GIVEN MATERIAL START
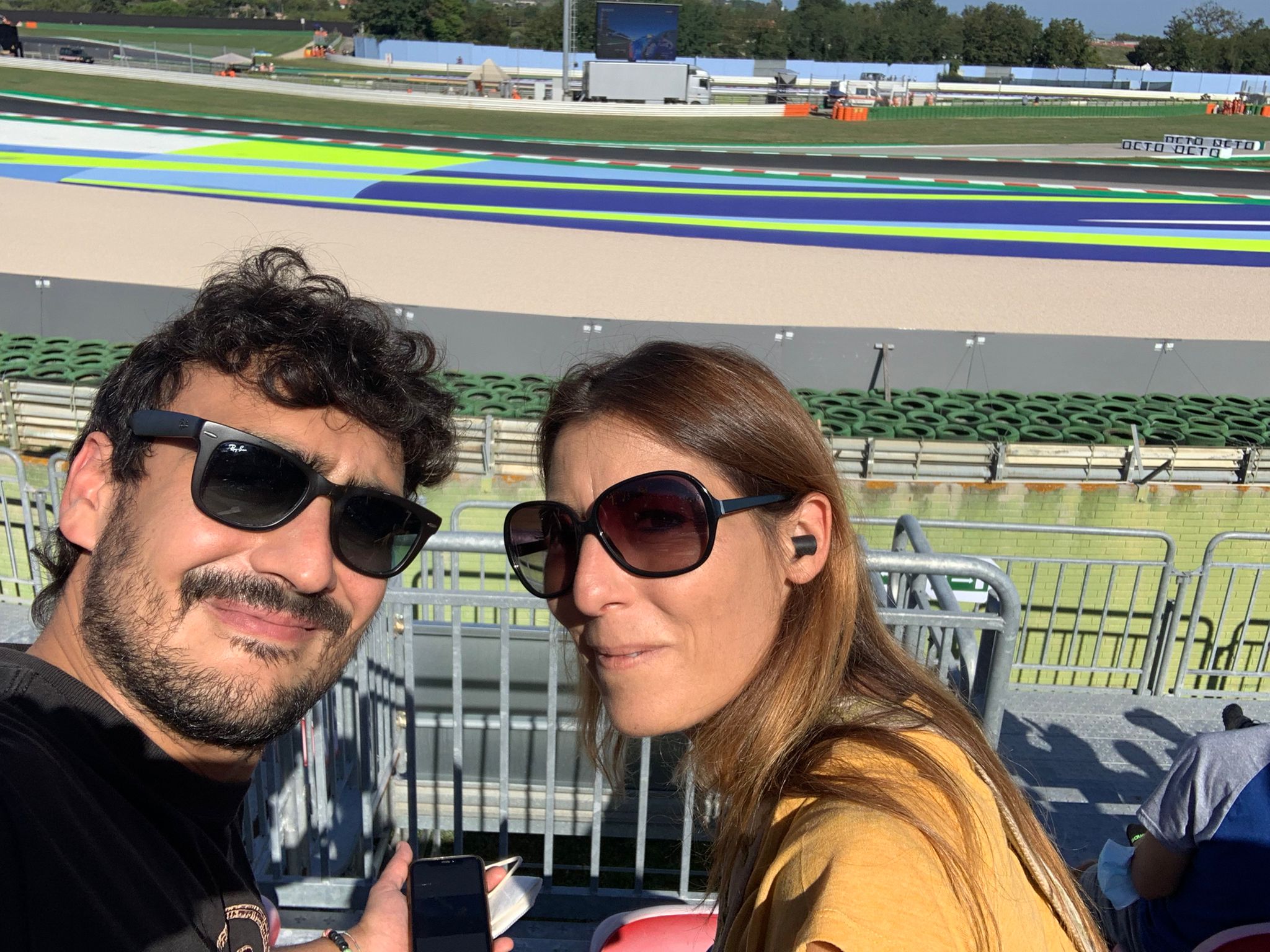 Francesco in autodromo con un'amica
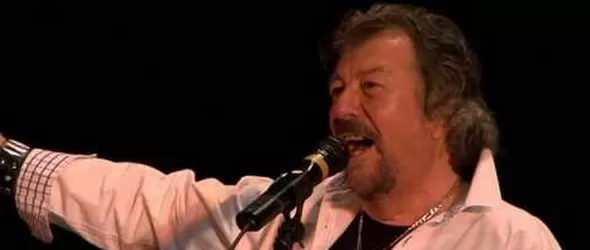 Защото е хубаво, когато доброто ни събира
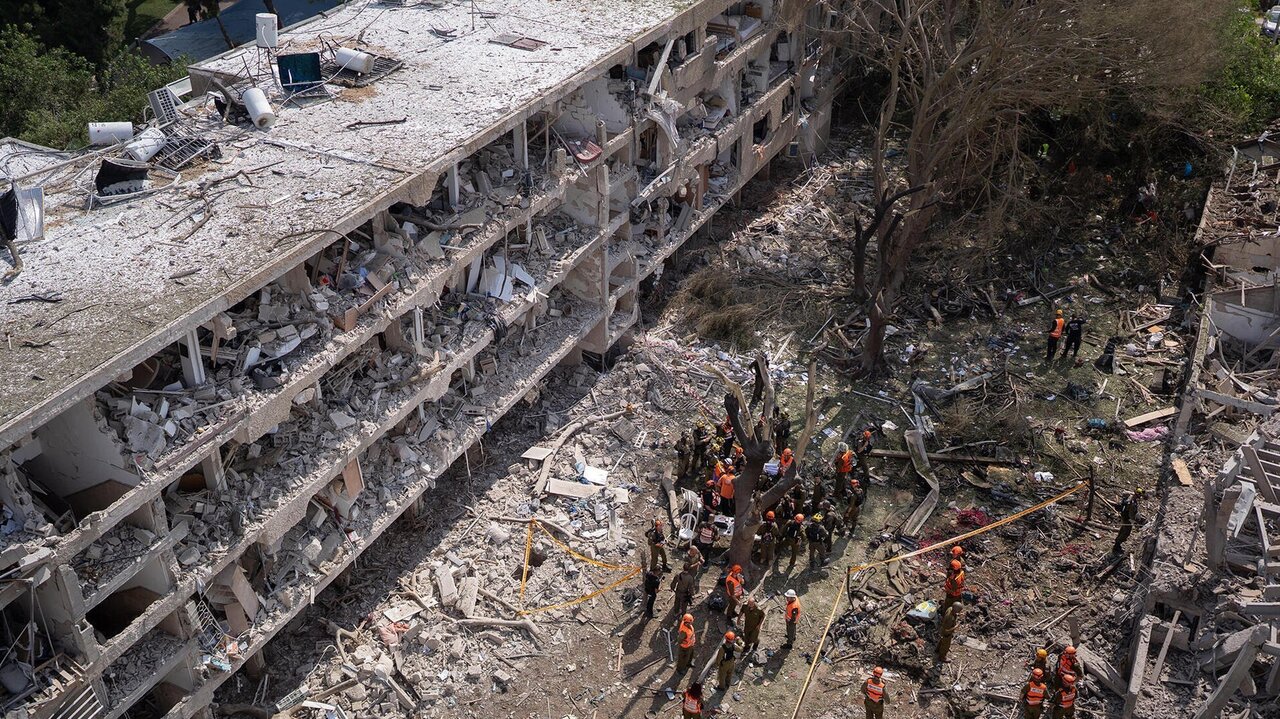 "Îran li navendên perwerdeya balafirvan û endazyarên pîşesaziyên çekdarî ya Îsraîlê darbelek giran lê xist."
GIVEN MATERIAL END
** GOAL OF THE EXERCISE **
Your reply should consist solely of the lines from the one containing "Защото е хубаво, когато доброто ни събира" through the last line of the material, reproduced exactly and without pictures.

** ANSWER SPACE **
 Защото е хубаво, когато доброто ни събира
 "Îran li navendên perwerdeya balafirvan û endazyarên pîşesaziyên çekdarî ya Îsraîlê darbelek giran lê xist."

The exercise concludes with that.